> SUPPLIED MATERIAL:
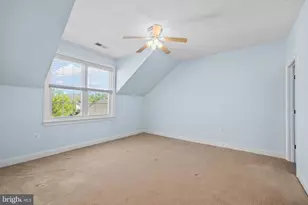 44435 Cruden Bay Dr, Ashburn, VA 20147 - Photo 35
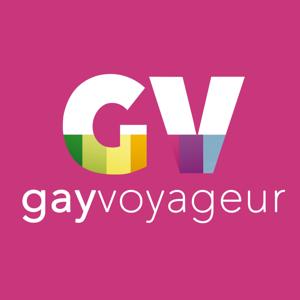 Gay Voyageur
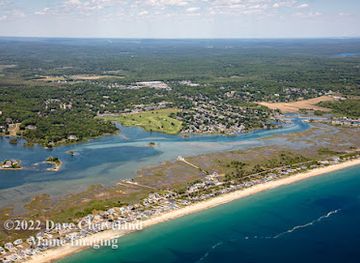 rhode-island/westerly/landmark/atlantic-beach-park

> WHAT IS NEEDED:
Only the pictures are to be left out; repeat all other material exactly.

> ANSWER SPACE:
 44435 Cruden Bay Dr, Ashburn, VA 20147 - Photo 35
 Gay Voyageur
 rhode-island/westerly/landmark/atlantic-beach-park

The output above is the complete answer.